The ARM architecture today accounts for more than 75% of all 32-bit embedded 
processors. Hundreds of millions are in cellular phones and tablets. The ARM 
architecture provides a simple and standard platform for embedded systems. Embedded 
systems differ in their architecture and requirements from desktop and server 
architectures. The problem domains have different requirements. Where the Intel x86 
architecture came to dominate the desktop and server areas, the ARM architecture is 
dominating the small embedded market. A hardware architecture definition is necessary, 
but it must be accompanied by an equally good software architecture. This is just as true 
for the ARM. Code can be developed in Java or variants of the most languages and many 
off-the-shelf operating systems are available. The ARM architecture reached critical mass 
in the embedded market niche. ARM separates the Intellectual Property of the design and 
the Instruction Set Architecture from the implementation. The ARM architecture has at 
this point more than 700 licenses, and it grows by 100 per year. 

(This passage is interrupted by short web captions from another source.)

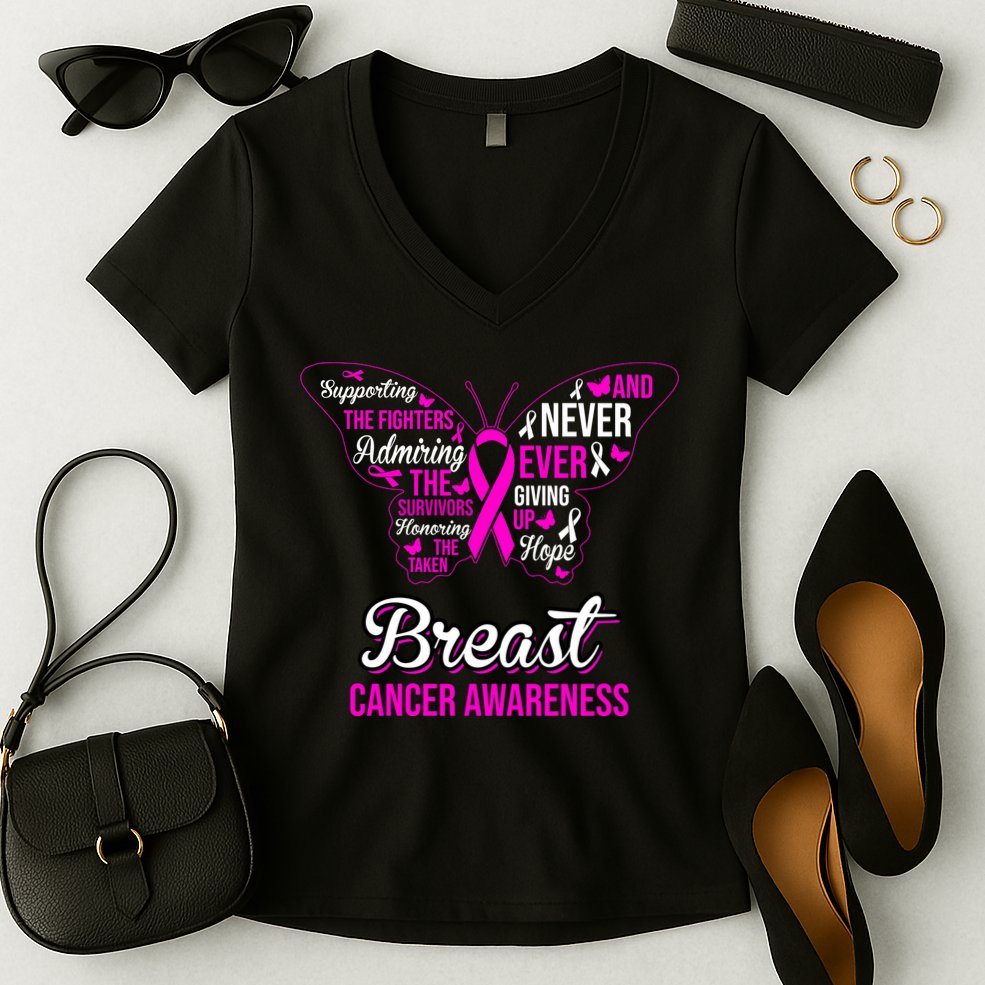 Breast Cancer Awareness Pink Butterfly Ribbon Quotes Women's V-Neck T-Shirt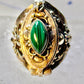 Poison ring malachite band sterling silver size 4.50 women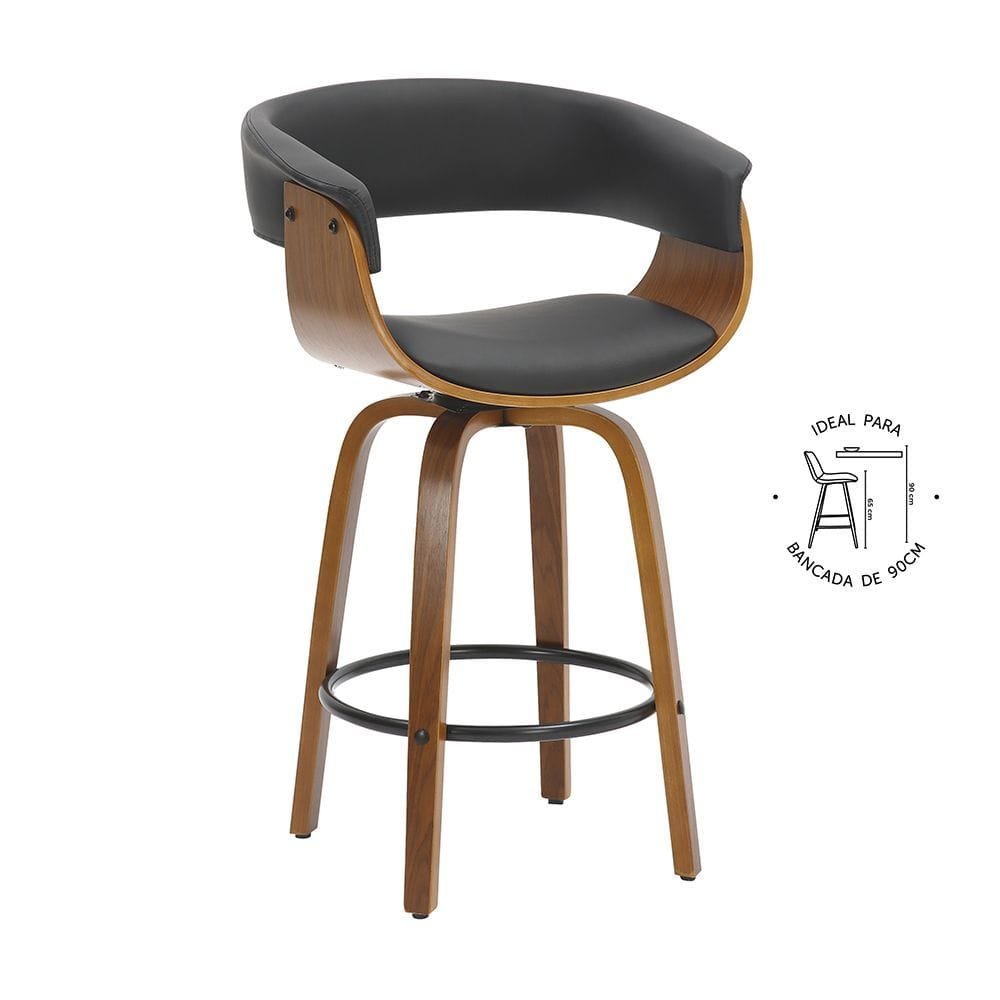 Banqueta Betim Baixa Preto 1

The author assumes a certain level of familiarization with computer architecture for the 
reader. Details are provided in appendices, and a rich set of references are included. 
ARM implementations are very dynamic, and many new features are evolving as the 
technology permits. You use and touch many ARM processors every day, although they 
are not necessarily obvious. 

The author uses the ARM processor as the basis for his Embedded Microprocessor 
Systems course in the Engineering for Professional Program (EPP) at the Johns Hopkins 
University. He has used embedded ARM processors in NASA Robotics projects, 
involving large autonomous Earth Rovers; essentially, satellites at a very low altitude. 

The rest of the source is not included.